All the usual reminders apply: have a real map as well as your navigation system if you use one, stop often to avoid driver fatigue, keep pent-up kids occupied and entertained, bring along way more money than you think you'll need, tune up the car a week or more before you head out, and expect the unexpected. If you've never travelled much, ask a road warrior for pointers.
The checklist for a car trip is necessary and long. It's tough to plan for every eventuality while recognizing that the best-laid plans of mice and men sometimes end up with a dead mouse. The best thing you can bring along? An open mind, a sense of adventure, and a lot of wet wipes.
If you're planning a week or two on the road, consider a variation on the usual Point A to Point B trek: make the journey part of the goal, and think about selecting the road less travelled. A road trip is about far more than pavement and drive-thrus; consider the history, the geography and the culture that is yours for the taking, if you take the time to grab it.

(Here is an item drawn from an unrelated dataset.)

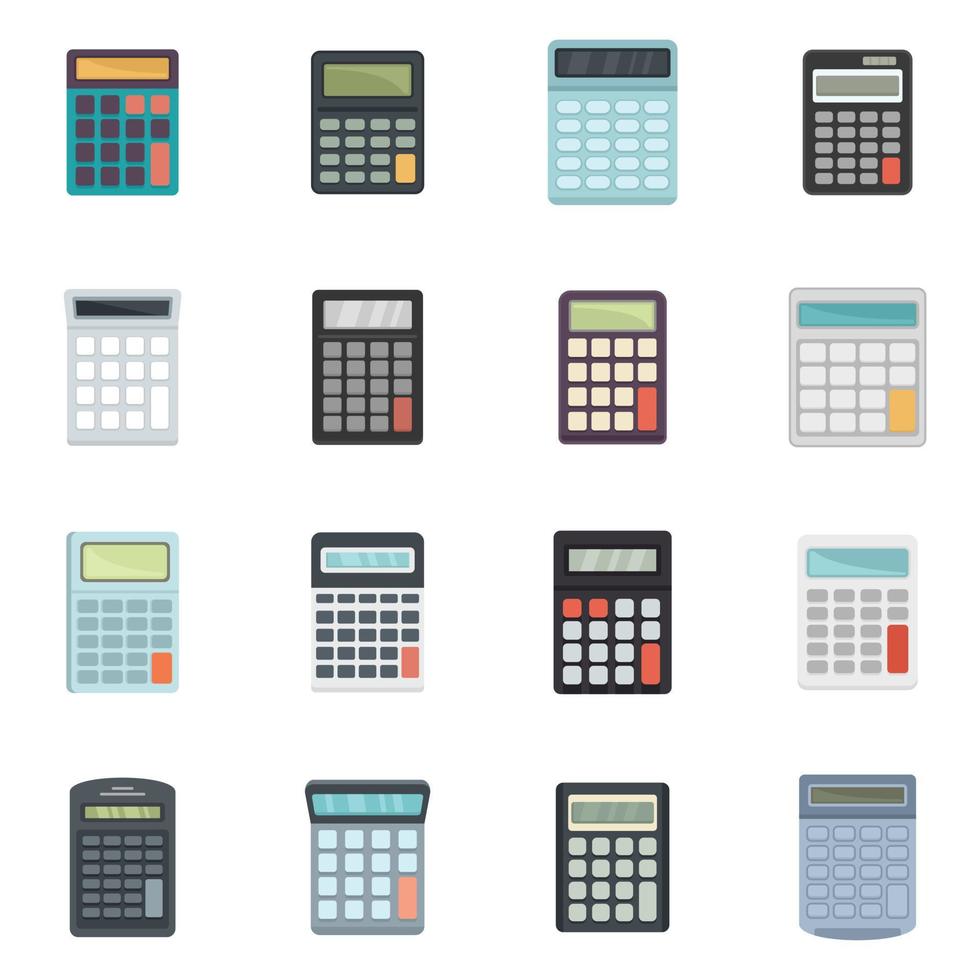 Calculator icons set flat vector isolated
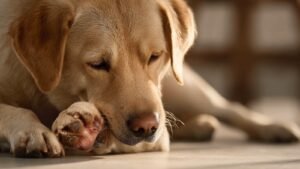 Why Do Dogs Lick Their Paws? Causes, Remedies & Vet Red Flags - Close-up of a healthy dog gently licking its paw, highlighting common causes, remedies, and vet red flags for paw licking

Dave Hunter has been writing a book called Along Interstate 75 for 17 years. This highway is the most direct vector to Florida from central Ontario and Detroit, and Hunter and his wife have painstakingly mapped every inch of it, having checked out every restaurant, museum and attraction. Updated annually, points of interest, historical facts, local lore and regional gossip are woven throughout. You can discover where in Georgia you should stop for homemade jams and jellies; where in Kentucky to look for barn quilts; where frontiersman Kit Carson was born; the best area for wildflowers in Tennessee; speed traps; gas stations; lodgings. Every exit fully expounded upon, every phone number and price and contact information (often, simply, "ask for Diane") compiled for a virtuoso travel performance.
Where Hunter has produced a clear and concise manual that will ensure you will never get lost, Mark Richardson has produced a different kind of travel book, Canada's Road. Tracing the Trans-Canada Highway from St. John's to Victoria, it's a definitive study of how this enduring symbol of Canada came into being. Swirling the historical foundations of the road with its current incarnation, Richardson digs into the best trove of information for a road trip: the people. Studded with the stories of how we got from there to here, Richardson goes back to 1912 to the first cross-Canada trek, and soaks up the stories of locals along the way – who were often witnesses, if not midwives, to the birth of this national icon.
In both books, history bursts to life with the realization we haven't been here that long, and for North Americans, at least, we are frequently defined by our ability to wander from one coast to another.
Take a leaf from these two books as you head out. In an era where everybody has a camera, make a record of your trip. Encourage your kids to be more than seat belt hostages. It's easy to pick a theme – wildlife, flags, cyclists, best road names, worst spellings – and remind them as the road unravels beneath the wheels, they have the option to passively let it fly by, or engage in it and maybe – maybe – find something everyone else has missed.